Set down, exactly as written, the line containing "Linkind Matter Smart" and all the lines that follow it to the end of the entries below, omitting every picture.

▸ Excerpted records:
********************

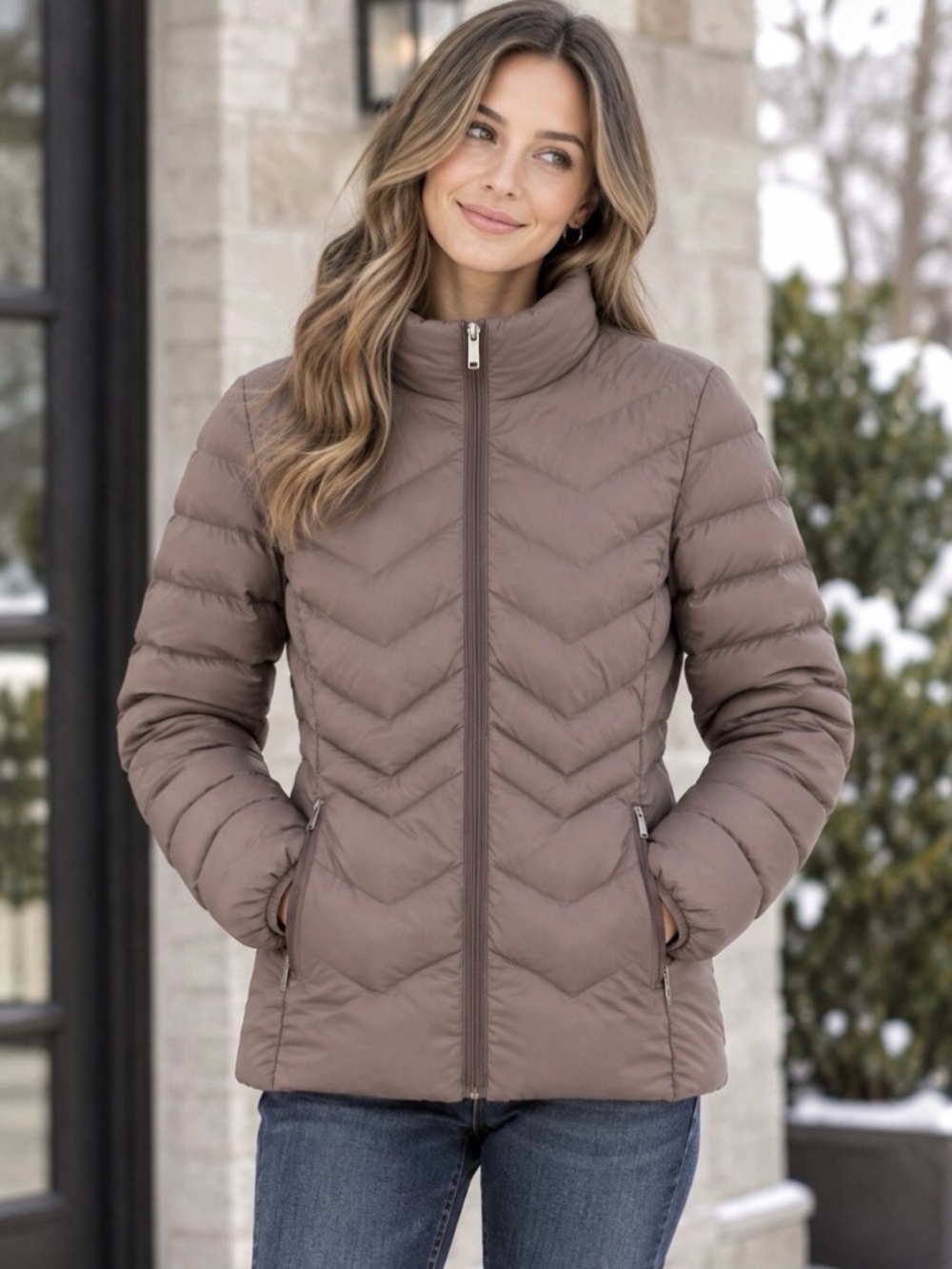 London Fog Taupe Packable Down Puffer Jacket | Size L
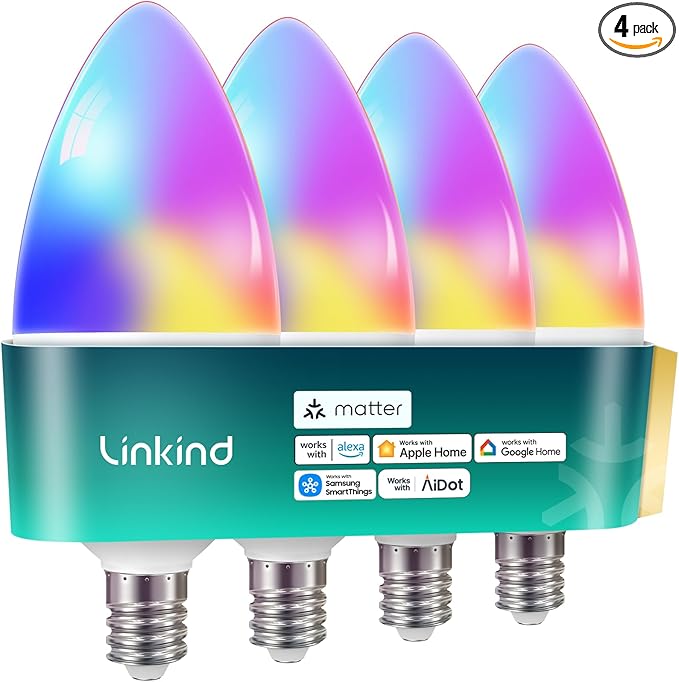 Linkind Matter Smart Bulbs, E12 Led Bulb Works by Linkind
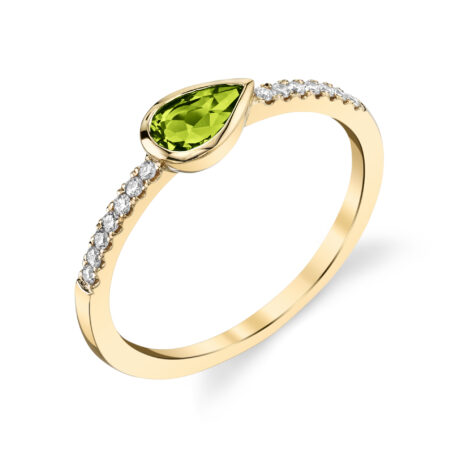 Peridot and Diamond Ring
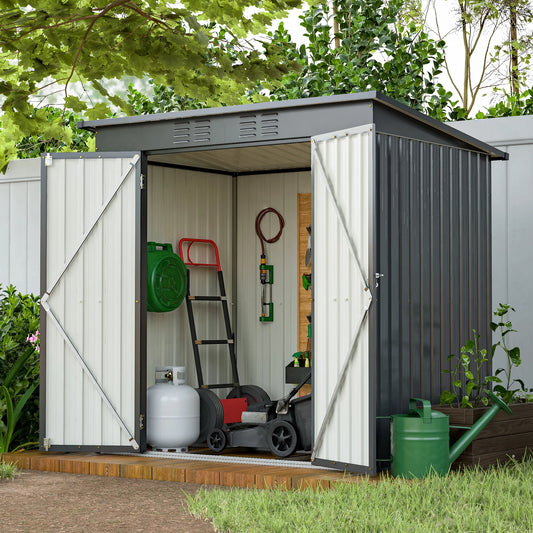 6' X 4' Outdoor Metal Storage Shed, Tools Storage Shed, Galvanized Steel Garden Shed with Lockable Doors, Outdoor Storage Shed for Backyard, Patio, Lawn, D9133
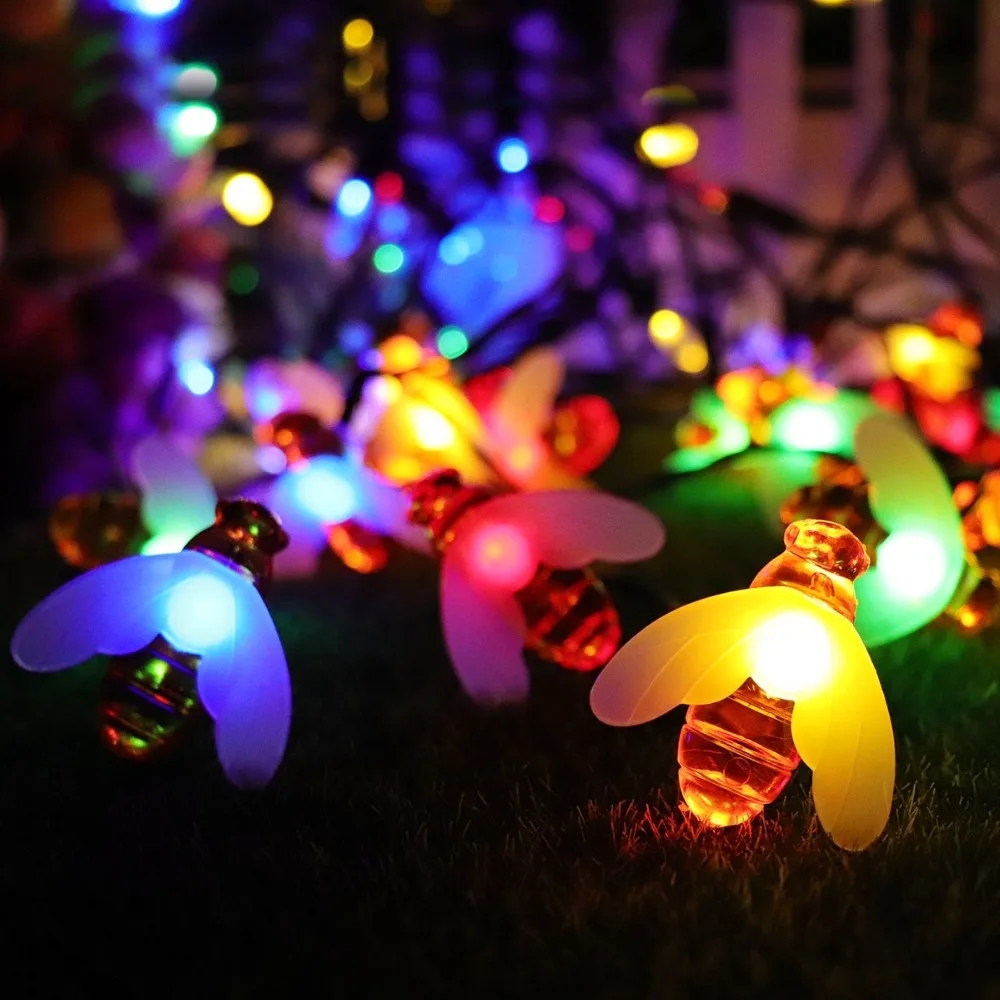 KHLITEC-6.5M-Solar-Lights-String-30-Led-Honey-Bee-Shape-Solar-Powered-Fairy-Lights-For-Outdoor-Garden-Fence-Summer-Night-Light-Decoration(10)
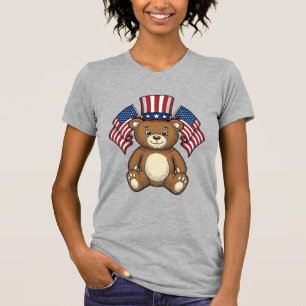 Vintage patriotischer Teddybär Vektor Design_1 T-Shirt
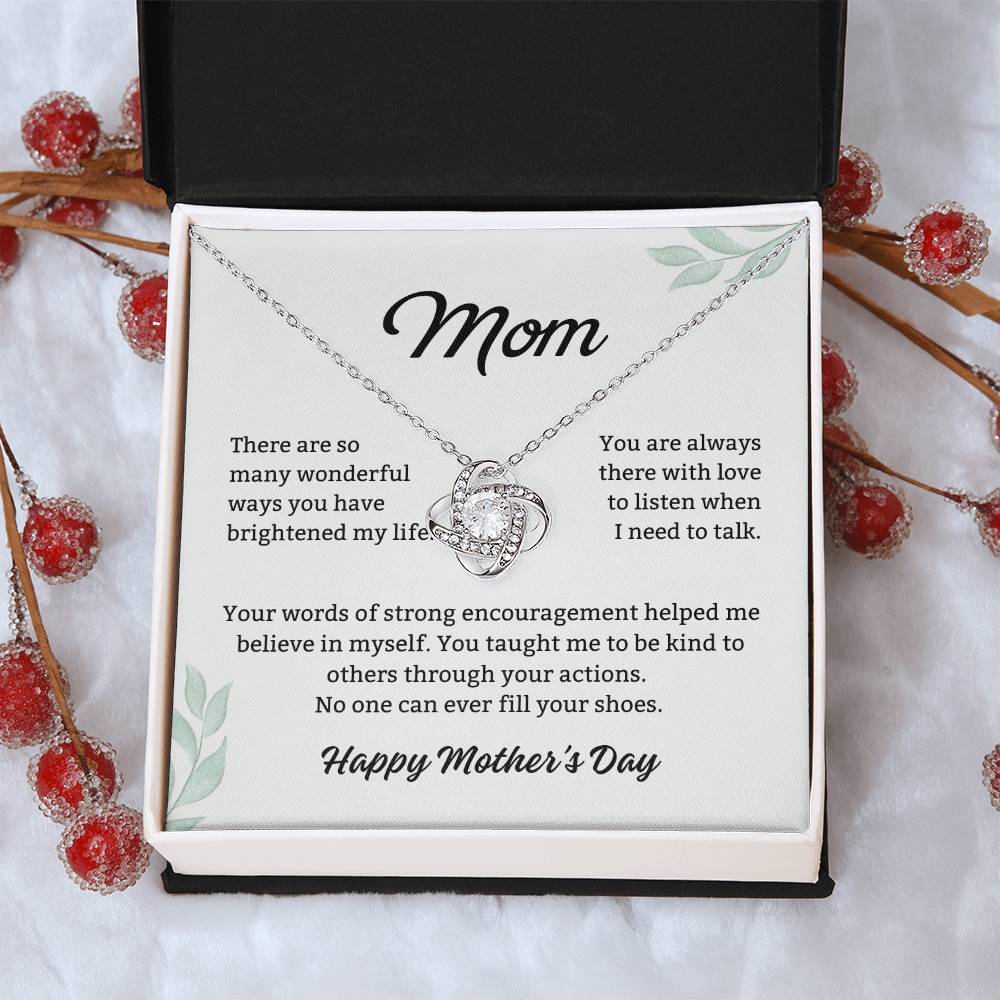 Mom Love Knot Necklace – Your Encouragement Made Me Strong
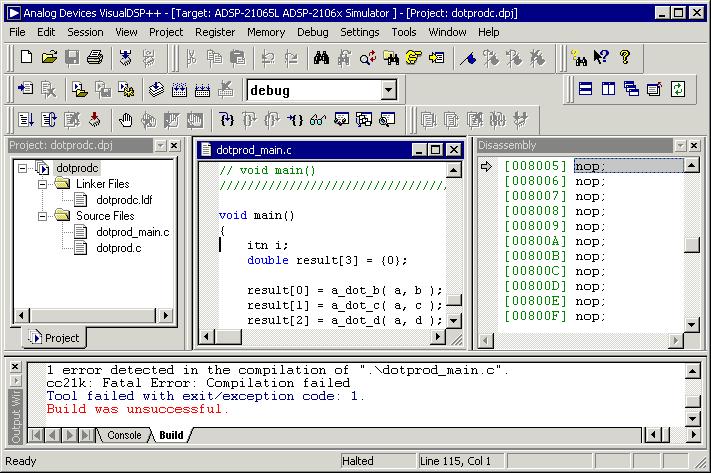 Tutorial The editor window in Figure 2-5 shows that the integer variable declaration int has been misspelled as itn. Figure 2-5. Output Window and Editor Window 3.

********************

▸ Solution for this exercise:
 Linkind Matter Smart Bulbs, E12 Led Bulb Works by Linkind
 Peridot and Diamond Ring
 6' X 4' Outdoor Metal Storage Shed, Tools Storage Shed, Galvanized Steel Garden Shed with Lockable Doors, Outdoor Storage Shed for Backyard, Patio, Lawn, D9133
 KHLITEC-6.5M-Solar-Lights-String-30-Led-Honey-Bee-Shape-Solar-Powered-Fairy-Lights-For-Outdoor-Garden-Fence-Summer-Night-Light-Decoration(10)
 Vintage patriotischer Teddybär Vektor Design_1 T-Shirt
 Mom Love Knot Necklace – Your Encouragement Made Me Strong
 Tutorial The editor window in Figure 2-5 shows that the integer variable declaration int has been misspelled as itn. Figure 2-5. Output Window and Editor Window 3.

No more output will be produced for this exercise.